[Records from a collection]
# # # # #

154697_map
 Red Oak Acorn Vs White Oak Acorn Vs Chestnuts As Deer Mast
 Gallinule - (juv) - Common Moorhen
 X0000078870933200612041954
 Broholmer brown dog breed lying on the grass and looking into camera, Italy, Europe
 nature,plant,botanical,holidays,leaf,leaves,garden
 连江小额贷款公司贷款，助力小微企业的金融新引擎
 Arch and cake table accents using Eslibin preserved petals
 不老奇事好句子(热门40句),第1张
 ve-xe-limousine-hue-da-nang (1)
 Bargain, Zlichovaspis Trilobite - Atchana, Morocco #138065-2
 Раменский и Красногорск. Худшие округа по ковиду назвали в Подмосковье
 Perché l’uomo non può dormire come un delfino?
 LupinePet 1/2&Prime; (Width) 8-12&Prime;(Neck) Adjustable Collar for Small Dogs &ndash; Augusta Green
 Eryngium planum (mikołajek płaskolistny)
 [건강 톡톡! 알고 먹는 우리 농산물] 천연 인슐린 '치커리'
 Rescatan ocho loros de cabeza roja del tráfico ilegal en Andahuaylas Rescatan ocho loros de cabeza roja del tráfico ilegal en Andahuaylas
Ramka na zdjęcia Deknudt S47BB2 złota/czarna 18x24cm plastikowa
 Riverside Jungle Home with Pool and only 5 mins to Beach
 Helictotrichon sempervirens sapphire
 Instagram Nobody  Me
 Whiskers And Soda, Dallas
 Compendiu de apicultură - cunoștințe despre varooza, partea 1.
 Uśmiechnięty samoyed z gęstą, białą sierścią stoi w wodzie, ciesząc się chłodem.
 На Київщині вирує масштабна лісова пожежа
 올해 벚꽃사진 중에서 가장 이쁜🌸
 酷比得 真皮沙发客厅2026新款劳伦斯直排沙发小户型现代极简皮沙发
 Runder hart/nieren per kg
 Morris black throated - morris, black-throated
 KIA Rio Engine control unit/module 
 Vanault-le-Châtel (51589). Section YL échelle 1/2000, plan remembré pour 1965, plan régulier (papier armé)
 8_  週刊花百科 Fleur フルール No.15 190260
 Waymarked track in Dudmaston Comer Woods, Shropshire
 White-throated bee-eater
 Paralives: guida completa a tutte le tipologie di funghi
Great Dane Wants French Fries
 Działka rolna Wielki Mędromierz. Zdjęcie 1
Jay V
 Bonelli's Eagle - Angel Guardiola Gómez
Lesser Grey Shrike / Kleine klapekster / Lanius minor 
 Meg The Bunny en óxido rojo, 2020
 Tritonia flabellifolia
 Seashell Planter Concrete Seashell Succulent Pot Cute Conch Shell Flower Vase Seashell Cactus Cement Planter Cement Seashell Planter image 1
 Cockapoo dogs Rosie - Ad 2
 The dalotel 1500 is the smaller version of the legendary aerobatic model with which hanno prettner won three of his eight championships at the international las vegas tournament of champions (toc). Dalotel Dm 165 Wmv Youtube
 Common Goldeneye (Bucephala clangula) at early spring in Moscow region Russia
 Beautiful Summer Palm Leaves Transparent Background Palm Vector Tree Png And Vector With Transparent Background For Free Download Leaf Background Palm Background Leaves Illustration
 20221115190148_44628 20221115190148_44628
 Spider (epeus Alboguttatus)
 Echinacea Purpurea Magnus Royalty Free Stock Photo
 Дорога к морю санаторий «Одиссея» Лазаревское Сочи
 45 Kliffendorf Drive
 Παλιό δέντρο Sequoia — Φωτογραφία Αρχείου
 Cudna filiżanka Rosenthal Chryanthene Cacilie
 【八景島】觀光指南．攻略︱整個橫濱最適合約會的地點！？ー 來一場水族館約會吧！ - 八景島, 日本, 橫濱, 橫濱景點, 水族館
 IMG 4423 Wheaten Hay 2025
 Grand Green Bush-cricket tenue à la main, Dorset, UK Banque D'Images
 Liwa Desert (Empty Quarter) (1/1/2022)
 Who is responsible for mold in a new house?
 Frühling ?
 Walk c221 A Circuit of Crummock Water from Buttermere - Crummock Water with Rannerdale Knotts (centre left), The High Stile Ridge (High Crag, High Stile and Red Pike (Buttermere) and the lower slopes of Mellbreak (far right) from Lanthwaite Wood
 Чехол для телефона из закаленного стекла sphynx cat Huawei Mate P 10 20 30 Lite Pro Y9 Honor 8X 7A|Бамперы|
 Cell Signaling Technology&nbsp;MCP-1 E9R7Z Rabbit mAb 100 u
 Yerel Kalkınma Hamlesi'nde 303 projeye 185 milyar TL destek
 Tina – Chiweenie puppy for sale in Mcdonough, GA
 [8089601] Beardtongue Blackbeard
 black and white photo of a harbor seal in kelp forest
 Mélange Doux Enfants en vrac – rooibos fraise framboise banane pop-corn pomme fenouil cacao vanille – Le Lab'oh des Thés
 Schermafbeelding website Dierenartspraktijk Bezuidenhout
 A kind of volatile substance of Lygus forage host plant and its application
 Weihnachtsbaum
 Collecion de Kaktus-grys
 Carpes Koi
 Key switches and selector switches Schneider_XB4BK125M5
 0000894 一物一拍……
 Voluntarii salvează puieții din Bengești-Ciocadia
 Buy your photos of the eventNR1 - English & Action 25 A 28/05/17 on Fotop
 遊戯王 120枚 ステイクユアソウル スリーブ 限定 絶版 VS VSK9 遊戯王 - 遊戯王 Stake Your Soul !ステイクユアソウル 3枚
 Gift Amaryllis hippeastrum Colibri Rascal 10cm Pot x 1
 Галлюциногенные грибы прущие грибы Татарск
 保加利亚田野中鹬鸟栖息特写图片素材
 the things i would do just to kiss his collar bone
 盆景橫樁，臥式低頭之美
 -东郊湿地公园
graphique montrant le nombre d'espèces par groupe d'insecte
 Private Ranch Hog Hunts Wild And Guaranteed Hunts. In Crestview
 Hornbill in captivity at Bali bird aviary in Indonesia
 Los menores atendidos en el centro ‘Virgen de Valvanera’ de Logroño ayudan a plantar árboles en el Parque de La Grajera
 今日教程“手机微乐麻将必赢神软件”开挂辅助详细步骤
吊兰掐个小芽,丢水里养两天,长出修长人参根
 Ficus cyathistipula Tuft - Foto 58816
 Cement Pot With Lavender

# # # # #

Aim of the task
Wherever the word "throated" appears in the data, return the whole line.

Answer to this problem
 Morris black throated - morris, black-throated
 White-throated bee-eater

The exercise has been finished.